The Bird-dogs were parked in revetments at Kontum Airfield, and to get there we had to drive through the city. The trip wasn’t too bad except in the pre-dawn early morning. That was VC time, so we drove like maniacs to get to the flight line. I never did figure out which had the greater potential for catastrophe, getting fired on by the local cadre or crashing into a tree.

Kontum’s airfield was guarded by Regional Forces troops. I am convinced that ARVN assigned the smallest guys they had to the RFs. I don’t think I ever saw a guy over 5’3”. The airfield was protected by guard towers every hundred yards or so, and at night the guys in the towers would sound a gong at specified times, kind of like “twelve o’clock and all’s well”. Except that it was so black out at night that anybody could have been banging that gong. But what was really going on was that the RFs were running an all-night gas station, selling Av-gas from our bladders to the locals. Honda scooters ran great on our Av-gas.

One morning while taxiing for take-off I did the obligatory engine run-up and mag-check, and noticed that the mag-check was not right. Over the course of a week it got worse. We had contaminated fuel. So we started gassing up at Plei Djerang before heading out into the AO. About a week after we stopped using our av-gas I was driving from FOB2 to the airfield and noticed that there was almost no traffic on the roads. Usually there were people out and about, but Kontum was at a standstill. As we drove by one of the local bars three of the girls came out and flipped us the bird. I realized that the whole town must have gotten their gas from our bladders and that all the scooters were out of action. It cracked me up. Like we deliberately put bladders of bad av-gas at the airfield just so we could screw up local commerce. It was our fault that the gas they were stealing was rotten.
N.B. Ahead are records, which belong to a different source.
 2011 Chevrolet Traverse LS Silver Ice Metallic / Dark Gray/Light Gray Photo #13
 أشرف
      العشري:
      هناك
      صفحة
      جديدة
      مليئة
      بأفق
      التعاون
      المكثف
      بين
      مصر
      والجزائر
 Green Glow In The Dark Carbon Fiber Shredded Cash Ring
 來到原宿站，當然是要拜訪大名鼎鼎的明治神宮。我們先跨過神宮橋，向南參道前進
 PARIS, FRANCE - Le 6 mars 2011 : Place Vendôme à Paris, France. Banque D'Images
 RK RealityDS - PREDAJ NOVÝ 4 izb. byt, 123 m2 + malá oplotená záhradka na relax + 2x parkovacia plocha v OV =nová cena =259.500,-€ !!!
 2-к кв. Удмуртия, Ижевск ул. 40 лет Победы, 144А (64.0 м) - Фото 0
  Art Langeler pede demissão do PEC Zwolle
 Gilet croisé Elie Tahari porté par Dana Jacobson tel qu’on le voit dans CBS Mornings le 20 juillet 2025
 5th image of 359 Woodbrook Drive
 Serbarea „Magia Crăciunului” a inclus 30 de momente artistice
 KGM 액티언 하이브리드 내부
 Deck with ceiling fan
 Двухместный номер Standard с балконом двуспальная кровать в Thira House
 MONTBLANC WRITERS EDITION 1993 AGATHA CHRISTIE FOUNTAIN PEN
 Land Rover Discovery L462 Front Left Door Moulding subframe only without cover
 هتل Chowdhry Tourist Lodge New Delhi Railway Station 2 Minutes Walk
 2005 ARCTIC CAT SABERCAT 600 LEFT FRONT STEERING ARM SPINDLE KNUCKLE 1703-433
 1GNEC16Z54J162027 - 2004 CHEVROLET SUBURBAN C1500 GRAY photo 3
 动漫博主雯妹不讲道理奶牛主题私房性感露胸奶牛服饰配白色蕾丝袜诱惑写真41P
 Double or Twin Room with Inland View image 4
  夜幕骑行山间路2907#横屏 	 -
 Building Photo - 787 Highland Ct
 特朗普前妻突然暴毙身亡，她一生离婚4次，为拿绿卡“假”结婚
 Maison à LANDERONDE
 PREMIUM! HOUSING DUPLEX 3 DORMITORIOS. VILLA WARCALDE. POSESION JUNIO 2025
Ben Brown was one of our crew chiefs. And just like “Cherry Boy”, Ben looked to be about 16. But you couldn’t ask for a nicer guy. He lives in Kentucky now, and runs a farm equipment repair shop. He and I were in the process of refueling my airplane (the bladders full of contaminated fuel had been replaced, commerce had returned to normal, and the bar girls resumed their “I love you long time” usual greeting) while an Air Force C130 occupied a better part of the ramp space at Kontum Airfield. We all hated when that damn thing showed up because there was a guy outside of town who stashed a rocket launcher on this ridge overlooking the airfield. He always took a shot at the C130. Never hit it, but that round coming in sounded like a freight train. Ben was on one strut filling the right tank and I was waiting for him to hand me the hose so that I could fill the left tank when our pal decided to launch. We heard it coming; Ben tossed the hose on the ground, yelled “you got it Dai Wi”, and took off running for the bunker. I should have followed him, but I jumped into the airplane instead, fired it up and headed for the runway. The guys in the tower were practically rappelling down the ladder as I took off, sort of wing-low-sideways with one full and one empty tank. Of course I didn’t have any rockets loaded and I didn’t have my helmet, which prevented me from talking to anybody. So I flew a quick pass over the ridge and then came back and landed, sort of wing-low-sideways, which for me was almost normal. From then on I greeted Ben with a “you got it, Ben” hello every time I saw him.

1 comment:

  1. Hey frank... I'm a friend of Phil's, and fly Saigon Tea a bit. Happened across your stories while searching for 219th and L-19 stuff. Love it! Phil has told me many stories, and I hope you share more! Thanks!